• **About this task**
Set down, exactly and only, everything from the line containing "Patron Tequila Simply" down to the line containing "cobee Cell Phone" in the data below; the pictures are not part of the copy.

• **Material for this task**

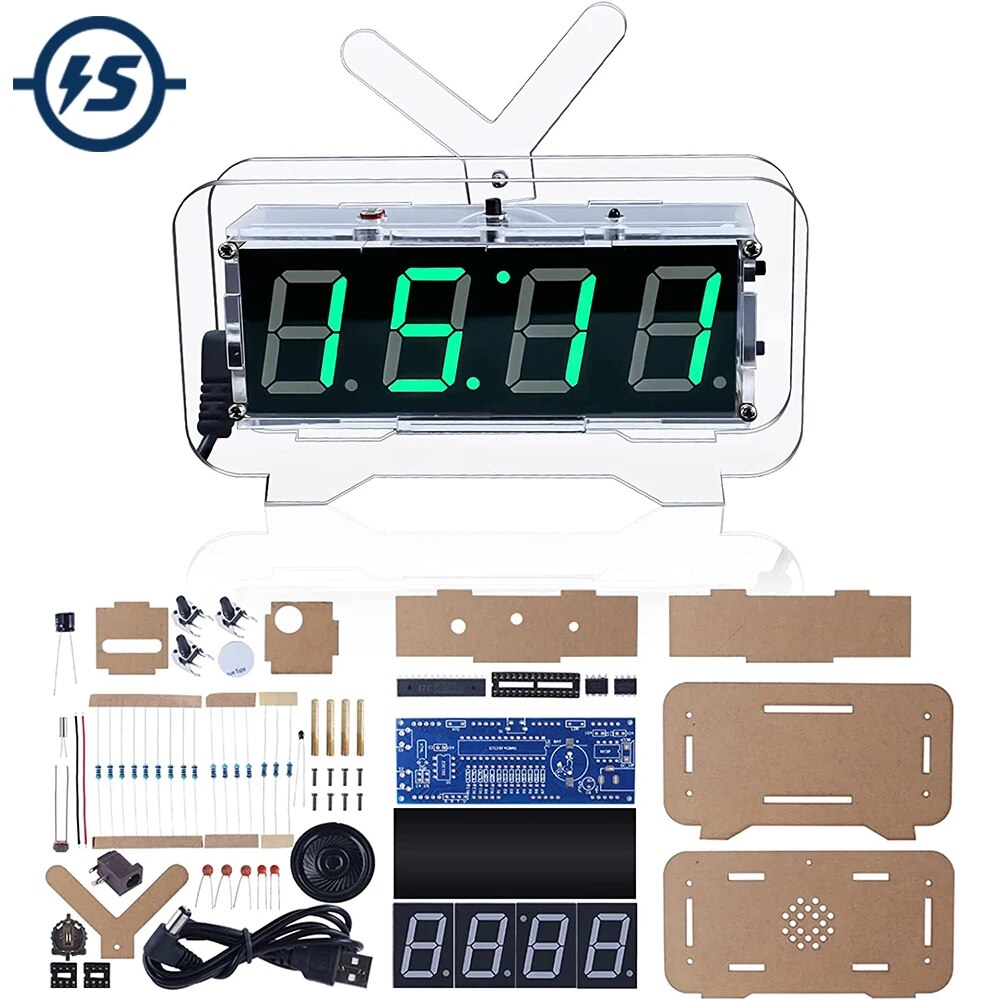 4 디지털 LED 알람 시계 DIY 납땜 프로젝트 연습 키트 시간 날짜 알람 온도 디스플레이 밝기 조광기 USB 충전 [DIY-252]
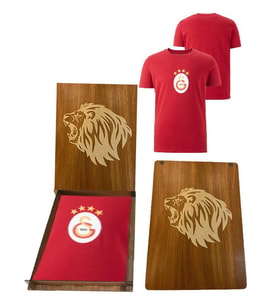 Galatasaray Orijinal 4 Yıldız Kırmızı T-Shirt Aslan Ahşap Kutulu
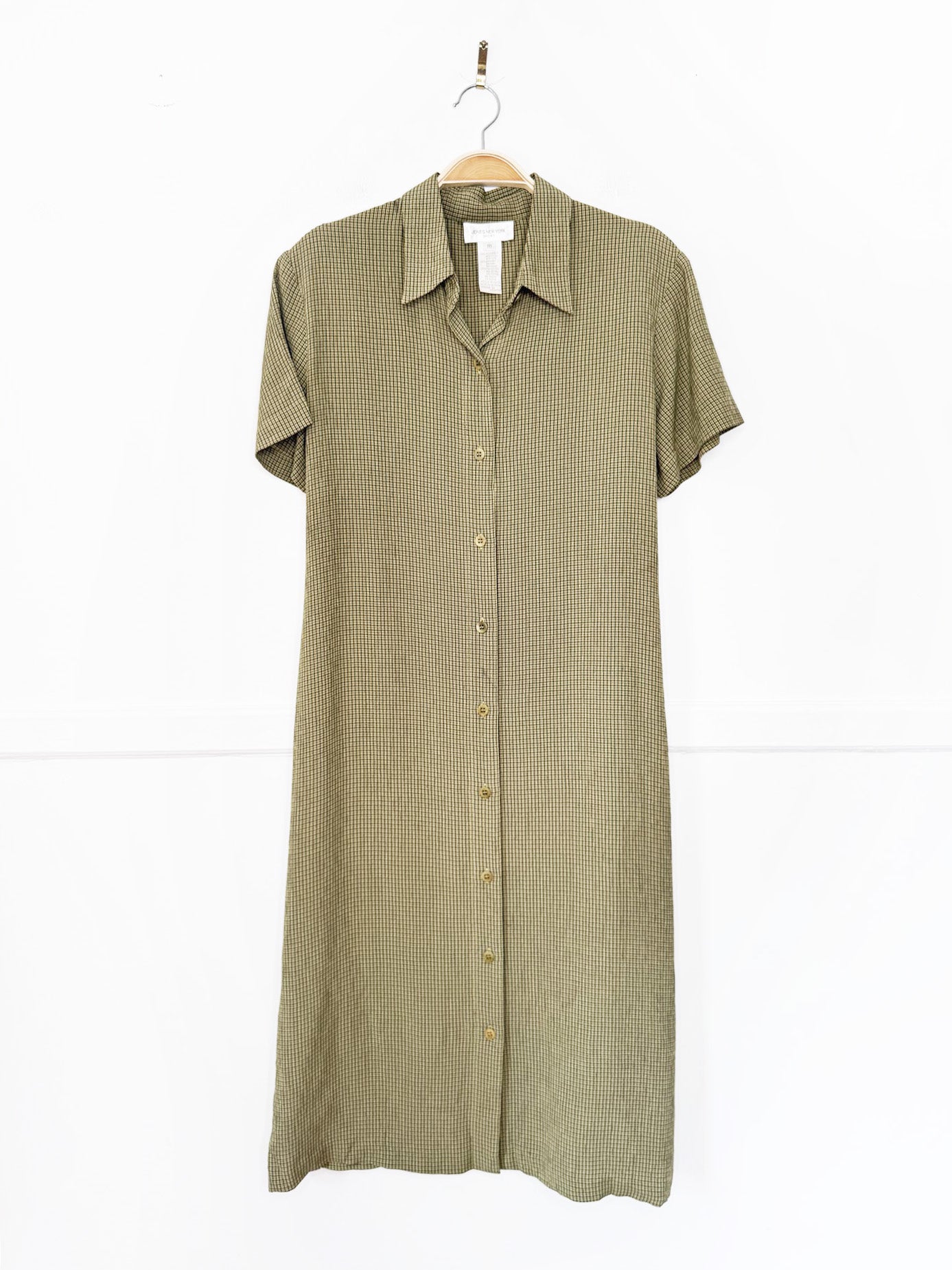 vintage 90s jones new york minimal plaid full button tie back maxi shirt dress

* * *

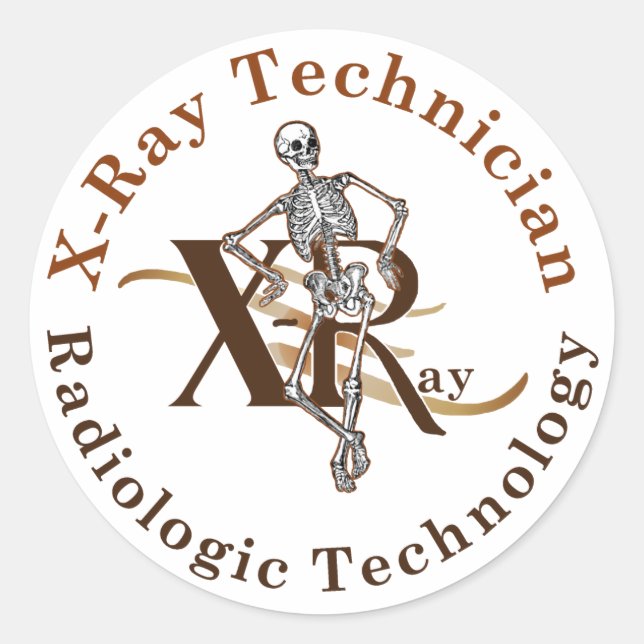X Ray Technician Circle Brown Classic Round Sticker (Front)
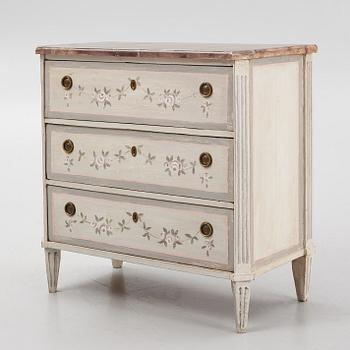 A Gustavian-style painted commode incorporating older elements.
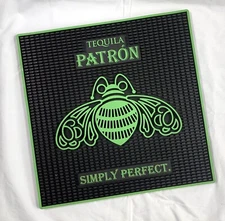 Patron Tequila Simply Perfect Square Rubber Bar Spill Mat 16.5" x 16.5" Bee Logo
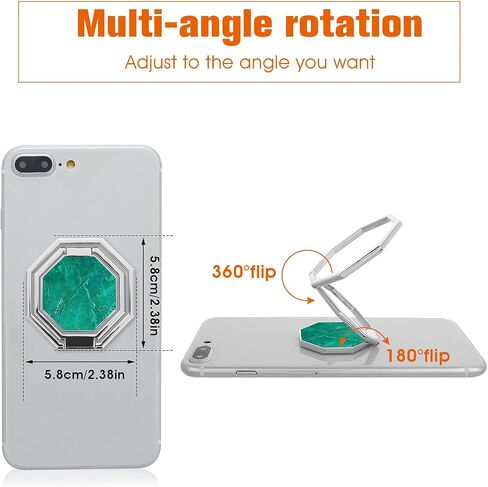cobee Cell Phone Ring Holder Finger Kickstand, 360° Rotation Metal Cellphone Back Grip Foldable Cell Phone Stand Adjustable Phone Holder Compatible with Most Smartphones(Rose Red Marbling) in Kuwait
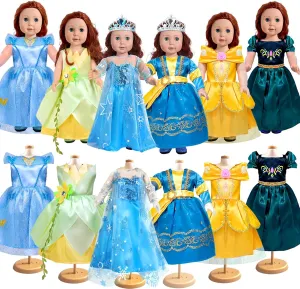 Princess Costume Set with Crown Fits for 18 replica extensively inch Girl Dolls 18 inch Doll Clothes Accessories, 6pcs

• **Exercise solution**
 Patron Tequila Simply Perfect Square Rubber Bar Spill Mat 16.5" x 16.5" Bee Logo
cobee Cell Phone Ring Holder Finger Kickstand, 360° Rotation Metal Cellphone Back Grip Foldable Cell Phone Stand Adjustable Phone Holder Compatible with Most Smartphones(Rose Red Marbling) in Kuwait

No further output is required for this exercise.